Accomplishment reports are a summary of professional achievements you’ve made throughout the course of a performance year. With just three months remaining, now is a good time to start compiling your successes thus far. Are you ready?
The following are suggestions to assist you in organizing and developing your annual accomplishment report:
Leverage What You Already Have
Review elements of your performance plan, as well as the standards and measures of each element. Elements are skillsets considered essential for your job. Use your performance plan as a guide. Additionally, review your IDP (Individual Development Plan), and goals set earlier in the year. Both the performance plan, and IDP should directly tie into your annual accomplishment report.

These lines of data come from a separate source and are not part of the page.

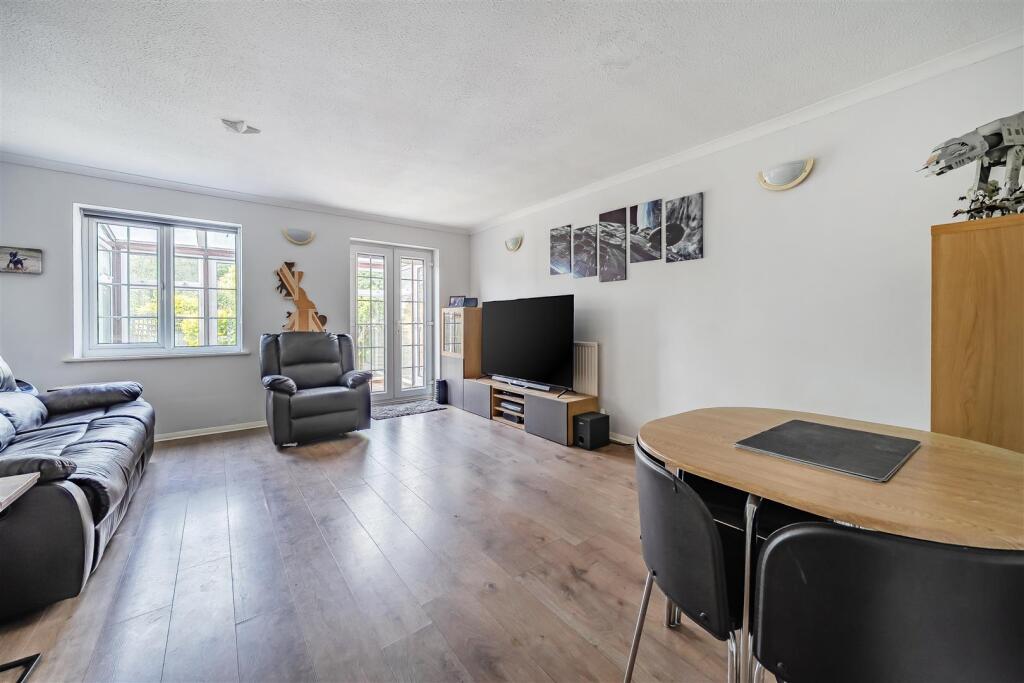 House in Reading - View 4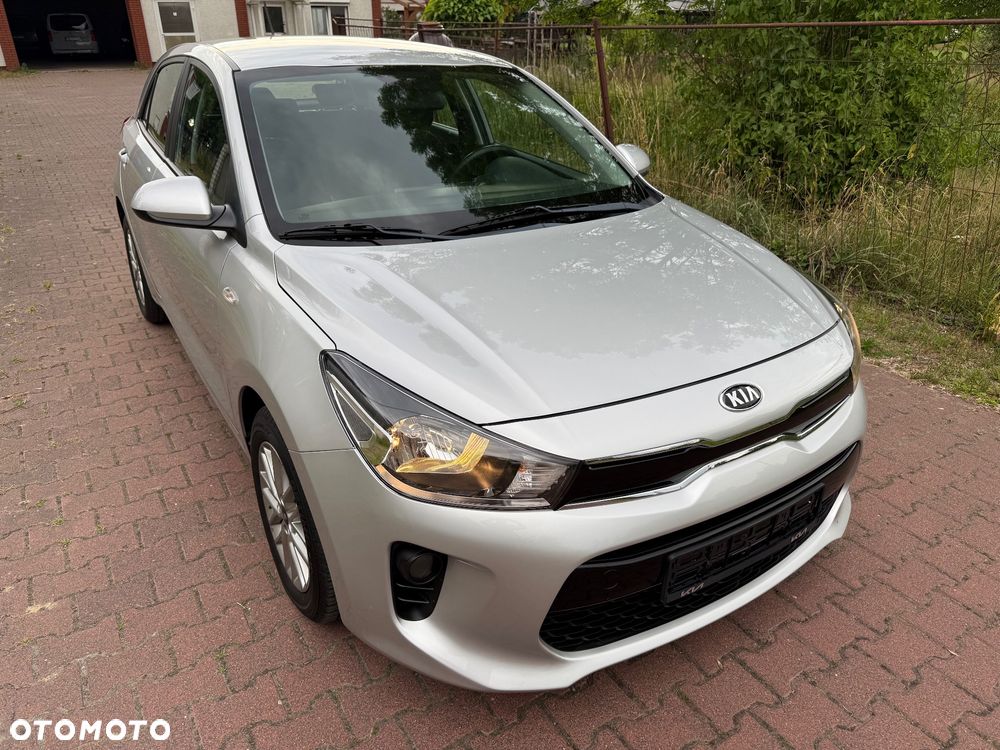 Kia Rio - 4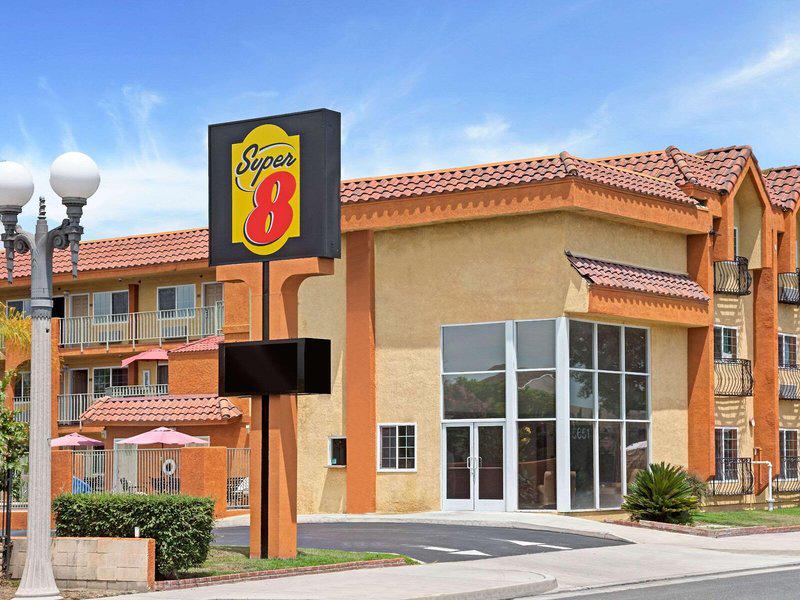 61409C354A88245C76F35F9C54393FB8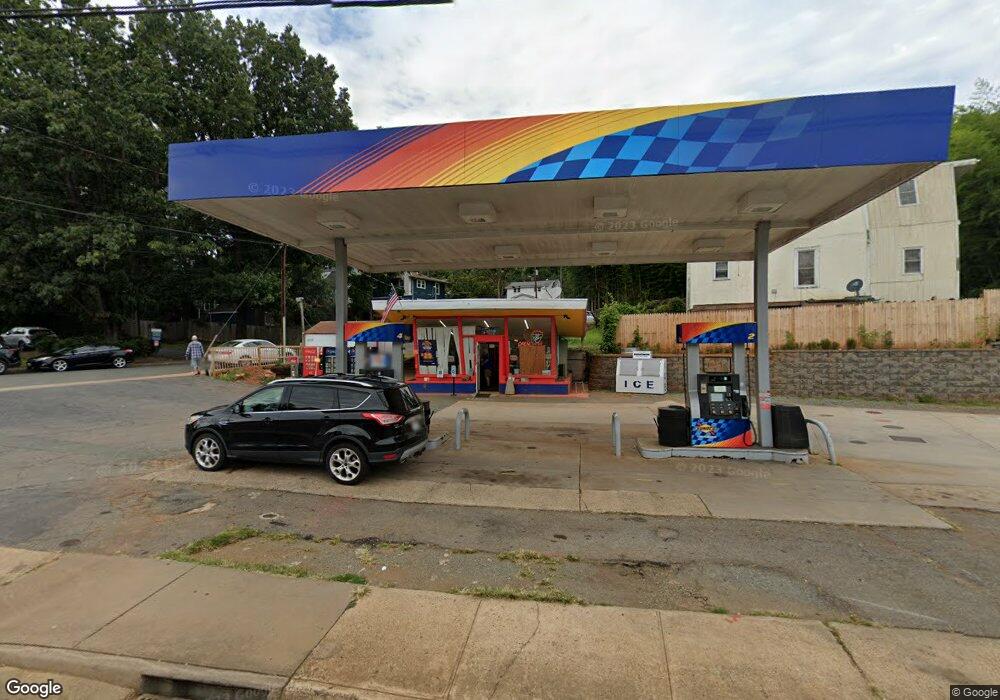 1301 E High St, Charlottesville, VA 22902 - photo 1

Moreover, each of us are tasked with any given number of assignments throughout the year. Refer to your calendar for activities, email, as well as monthly status reports; they may contain information that will be helpful for developing your report.
Arrange and Develop by Element
There are critical and non-critical performance plan elements. When developing your accomplishment report, start with critical elements first, and link each achievement to the appropriate element. For instance, if one of your elements is Customer Service, one way to speak to your achievement in this element is to list how many customer inquiries were received and addressed, as well as 1 or 2 testimonials that highlight the level of customer service provided. You may even want to specify whether these are internal or external customers. Leadership may not remember all the details of your successes throughout the year. This is your time to highlight the importance of your contributions.
Putting It All Together
Until submitted to leadership, consider your annual accomplishment report a living document. Don’t wait until the last minute! Get into the habit of documenting your activities throughout the year, so that when the time comes, you’re not scrambling to put your report together.

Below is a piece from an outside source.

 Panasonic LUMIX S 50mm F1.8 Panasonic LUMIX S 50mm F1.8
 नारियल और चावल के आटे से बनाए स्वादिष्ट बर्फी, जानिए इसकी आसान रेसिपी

When writing, refrain from I statements – opt for action verbs instead. Don’t use activity-based descriptives or the “laundry listing” of activities. Instead, focus more on the result of the activity – or the outcome of the service you provided. The laundry listing infers that you really didn’t do anything specific. While you may be tempted otherwise, limit your report to 2 pages. In the header/footer, include your name, grade, job series, and the current fiscal year for which you are writing the report. Your supervisor will receive dozens of reports, so make sure yours is easily identifiable.
We are well into the performance year. With just 3 months left until the end, now is a good time to start compiling information to draft your report. For additional tips on writing accomplishment reports and self-evaluation visit:
- Employee Connect
- Meaningful Self-Evaluations
- How to write a self-evaluation that will impress your boss
Hope Marshall is part of the GovLoop Featured Contributor program, where we feature articles by government voices from all across the country (and world!). To see more Featured Contributor posts, click here.
So many great tips in here and so very timely! Thanks for writing and sharing this. The tip about treating your performance docs as living documents really resonated with me. Making sure that these items are updated and contain consistent notes and feedback can make all the difference at the end of the year (or when you’re prepping to make a case for a promotion!). Thanks again.
Thank you, Leah! My first year as a Fed, I scrambled to put together my accomplishment report. By the 2nd year, I’d figured out that I needed to keep better notes/record of my day to day activities. Once I switched tactics, it became much easier! And your point about the report being a prep for a case for promotion is so accurate! Sometimes, at the end of the year, people are given merit awards. So that report makes a difference.